Todas as 11 empresas de água e esgoto na Inglaterra e no País de Gales estão sendo investigadas pela Water Services Regulation Authority (Ofwat), a Autoridade de Regulação de Serviços de Água, que como órgão responsável pela normatização econômica da rede privatizada avalia a prática de lançar imundícies no mar.

A investigação foi aberta em 2021 e, embora atinja um terço das oficinas de tratamento, o fato é que a prática criminosa e altamente poluente mais do que dobrou, com as multas sendo incorporadas como “custo do negócio” da rede, totalmente privatizada, denunciam os ativistas.

O cálculo é simples, protestam os analistas, uma vez que as multas ao longo dos 35 anos do seu afastamento do controle público somam R$ 2,14 bilhões contra um superlucro extraordinário, escancarado nos R$ 520 bilhões distribuídos em dividendos aos acionistas, conforme apurou um estudo da Universidade de Greenwich. Sem falar nos salários astronômicos pagos aos seus executivos. Na prática, observaram, as multas acabam sendo simplesmente absorvidas como uma despesa comercial regular.

“Filhas da privatização promovida em 1989 pelo governo liberal de Margareth Thatcher, as empresas privadas receberam os serviços e seus ativos livres de débitos e agora estão atoladas em dívidas”, apontou o Observatório Nacional dos Direitos à Água e ao Saneamento (Ondas). Além disso, assinalou, “estão operando com índices de perdas elevados e crescentes e vêm poluindo sistematicamente praias e rios com esgotos extravasados de sistemas de coleta e tratamento que não foram modernizados”.

EMPRESAS PRIVATIZADAS LANÇAM DELIBERADAMENTE ESGOTO NO MAR

A Southern Water já estava na lista de monitoramento e foi multada em 90 milhões de libras (R$ 643 milhões) por despejar deliberadamente esgoto no mar. Outros casos foram abertos contra a Thames Water – a maior das empresas privatizadas, que atende 16 milhões de usuários residentes em Londres e arredores (cerca de 25% da Inglaterra) – a Anglian Water, Northumbrian Water, South West Water, Thames Water, Wessex Water e Yorkshire Water em 2022, mas as investigações ainda estão em andamento.
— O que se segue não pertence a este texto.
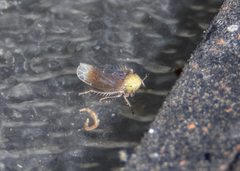 Polyamia apicata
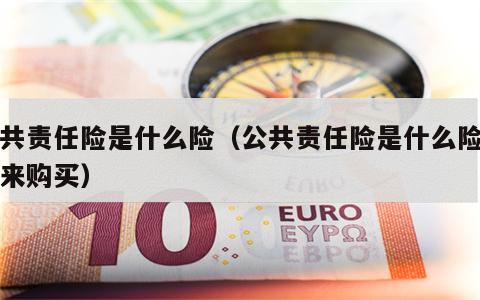 公共责任险是什么险（公共责任险是什么险由谁来购买）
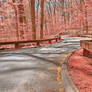 Pink Forest Road - Rock Creek Park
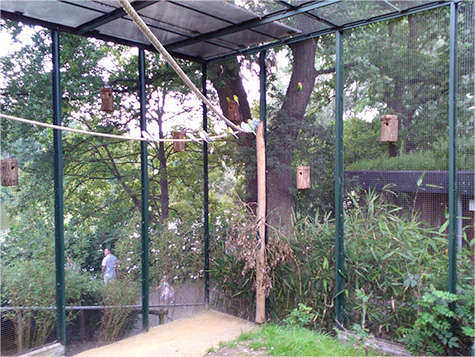 Wellensittiche Voliere in Aachener Tierpark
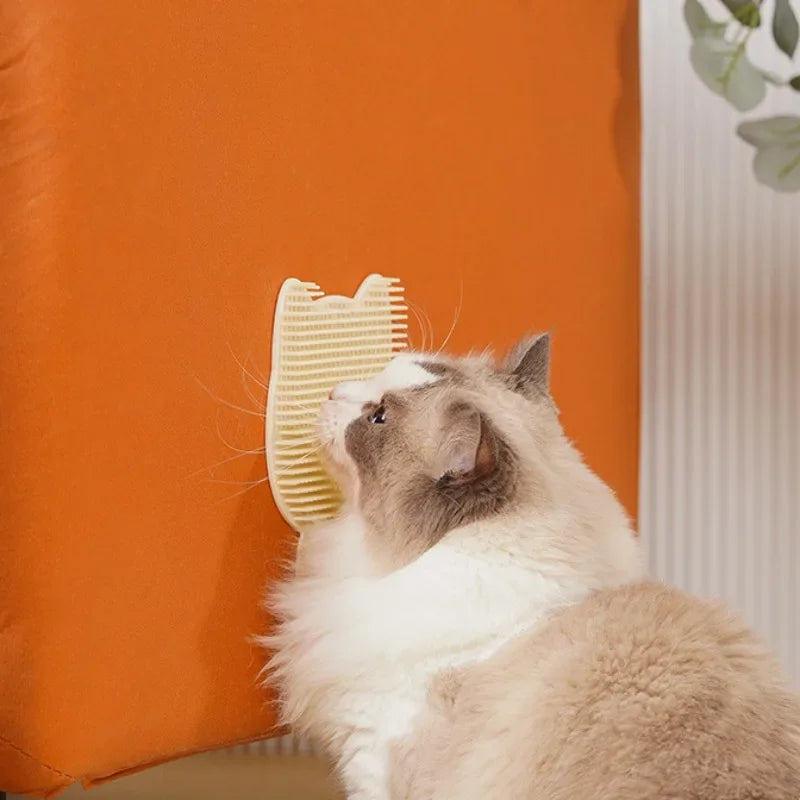 Cat Scratching Board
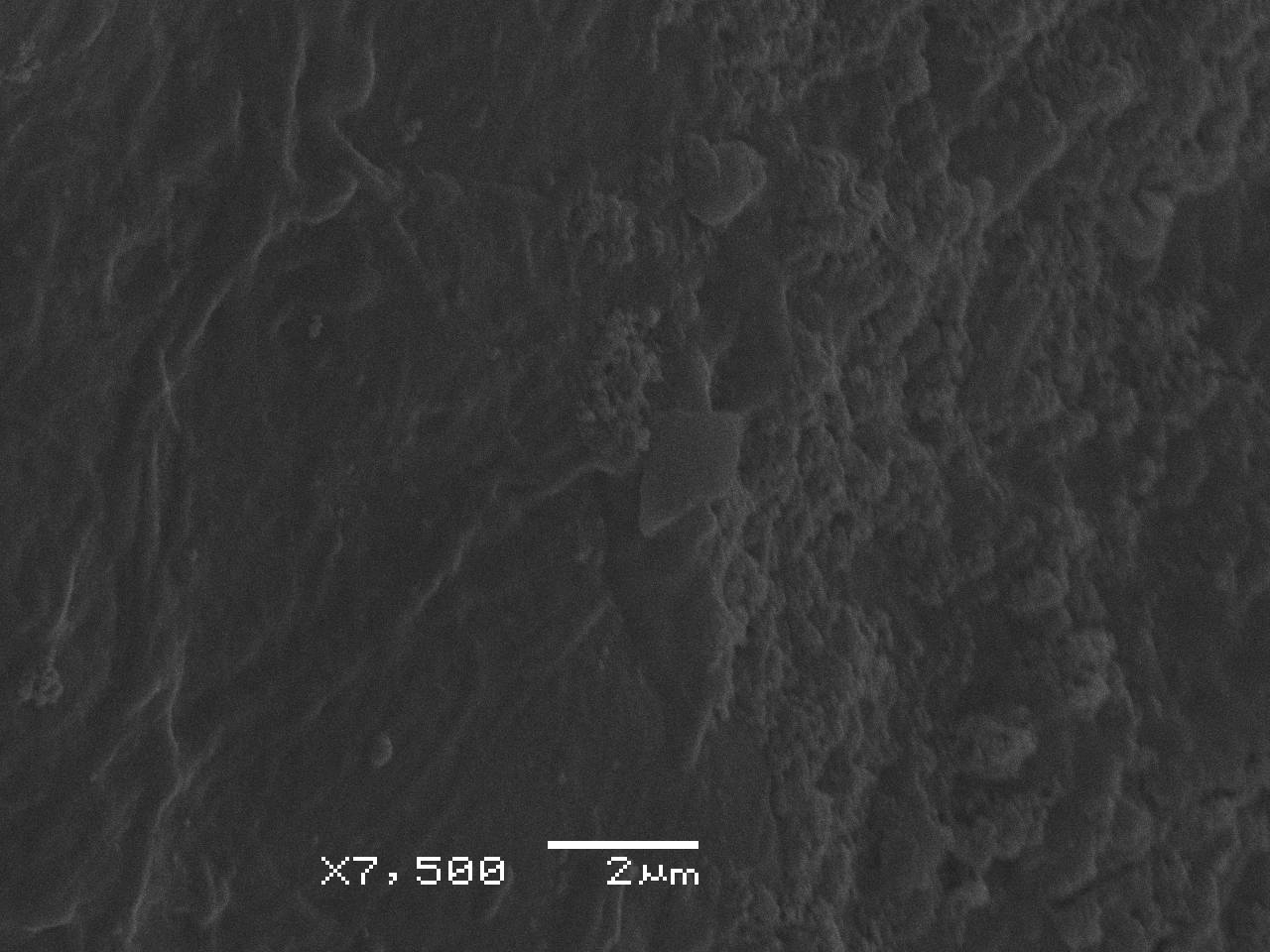 Lamproderma album  - внешний вид спорангия, СЭМ, Нелидовский, Tver Oblast (Russia)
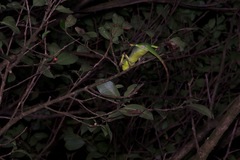 Calotes pethiyagodai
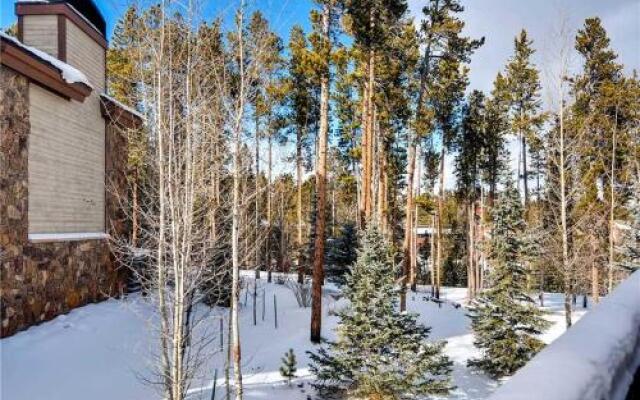 Saddlewood Iliff #41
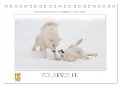 Emotionale Momente: Polarwölfe. (Tischkalender 2025 DIN A5 quer), CALVENDO Monatskalender - Ingo Gerlach GDT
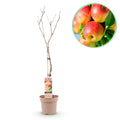 Green boutiQ - Fruitplant - Appelboom - Malus domestica Jonagold - Geel groene Appel - Pot 21cm Hoogte 90cm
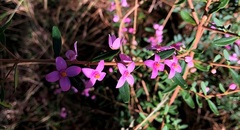 Boronia glabra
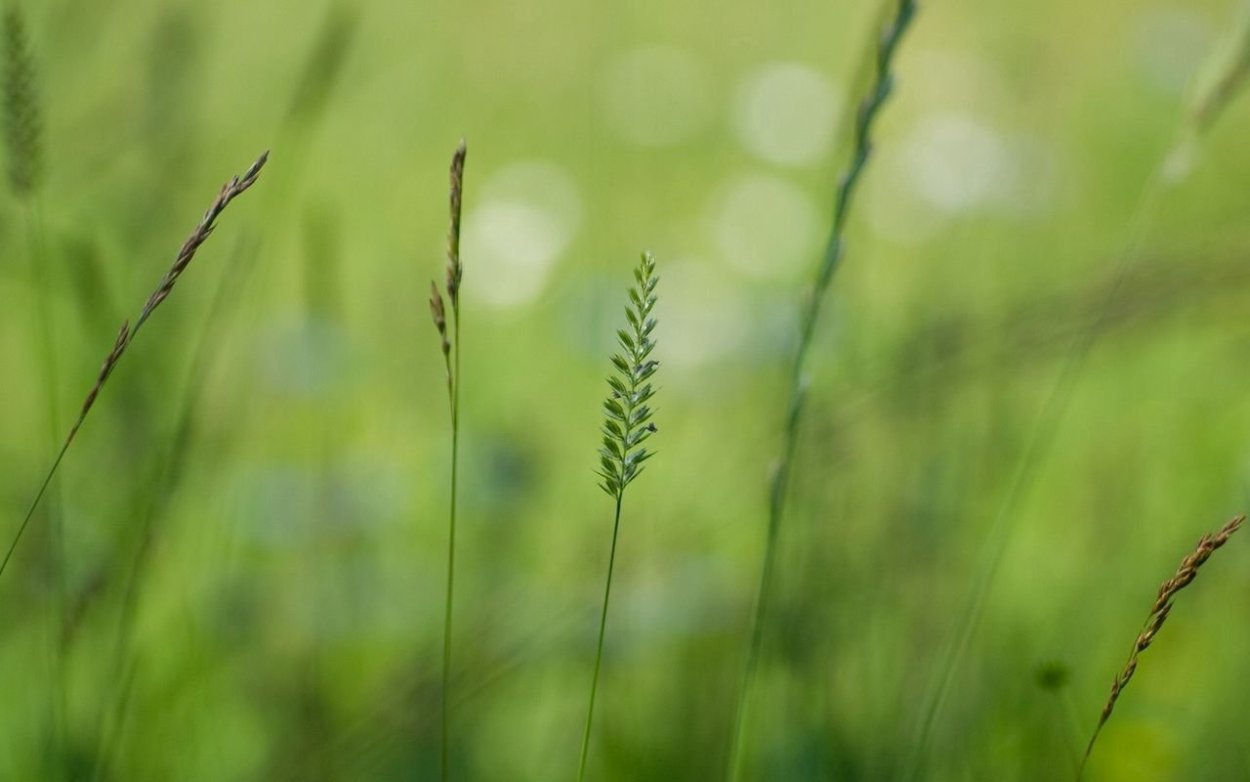 Травянистые растения на белом фоне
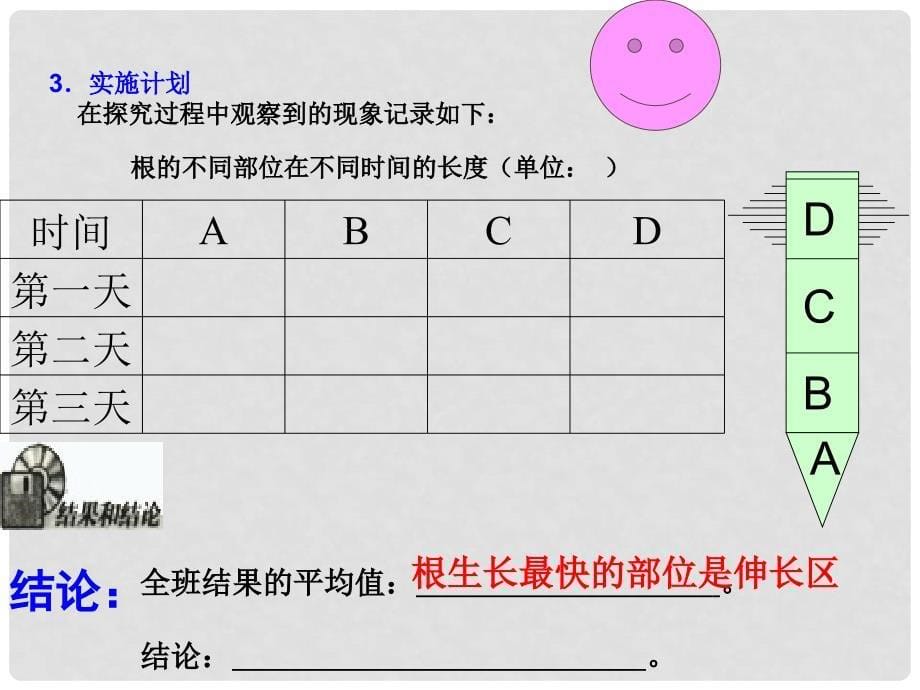 山东省文登实验中学七年级生物 《植株的生长》课件_第5页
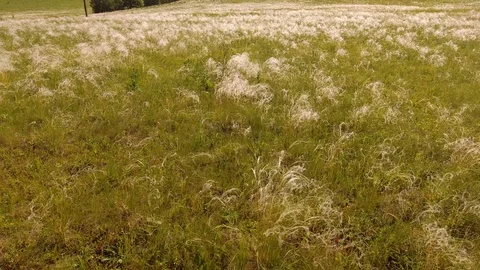 Waves of feather in the wind Stock Footage 109330995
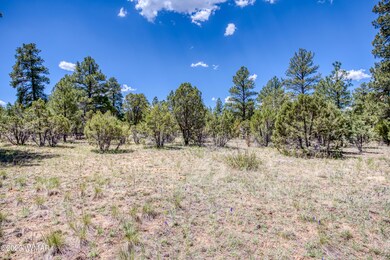 paxmanphotography_PAX_0329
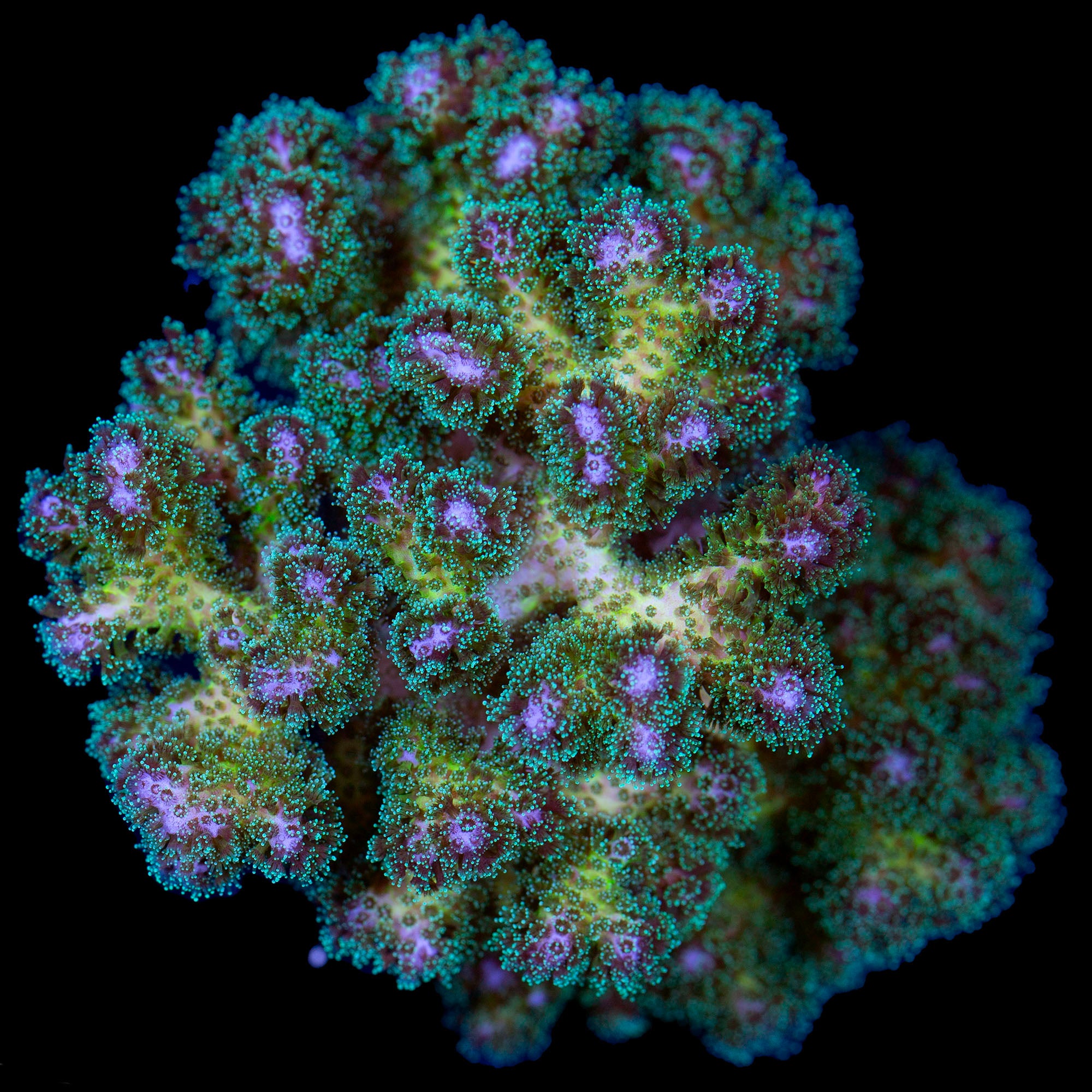 Purple & Green Pocillopora Coral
O fato é que desde então os vazamentos mais que dobraram, saltando de 1,75 milhão de horas em 2022 para 3,6 milhões de horas em 2023. Diante das denúncias e das evidências, a Ofwat anunciou que Dwr Cymru Welsh Water, Hafren Dyfrdwy, Severn Trent e United Utilities também estarão sendo supervisionadas.

Para James Wallace, CEO da River Action (Ação do Rio), organização que trabalha para a recuperação das águas da Inglaterra, “as penalidades devem incentivar os poluidores condenados a atualizarem sua infraestrutura de vazamento, em vez de absorver as multas como um custo do negócio”. “Sempre que uma empresa de água é considerada culpada de danos ambientais aos nossos rios, precisamos da punição proporcional ao crime”, defendeu.

De acordo com Cat Hobbs, diretora da We Own It (Isso é Nosso!), associação que luta pela propriedade pública, “não podemos nos dar ao luxo de continuar deixando empresas privadas acumularem dívidas e vazarem dividendos às nossas custas, precisamos desse dinheiro para limpar rios e mares”.

“O SISTEMA ESTÁ QUEBRADO”

Instituição que luta pela limpeza do oceano, a Surfers Against Sewage (Surfistas contra o esgoto), acredita que o momento é de barrar o retrocesso. “Está claro para todos que o sistema está quebrado. Estamos pedindo uma investigação pública completa, precisamos de mudanças radicais para acabar com a crise do esgoto de uma vez por todas”, ressaltou Henry Swithinbank, dirigente da entidade.

Em pronunciamento no Parlamento, a avaliação da líder do Partido Verde, Caroline Lucas, reiterou a necessidade de mudanças. “As empresas de água não tinham dívidas quando privatizadas. Desde então, pegaram 52 bilhões de libras (R$ 371,5 bilhões) emprestado e pagaram centenas de bilhões em dividendos. Enquanto isso, temos o escândalo da poluição por esgoto. A privatização da água foi um erro grave e precisa ser corrigido permanentemente”, concluiu.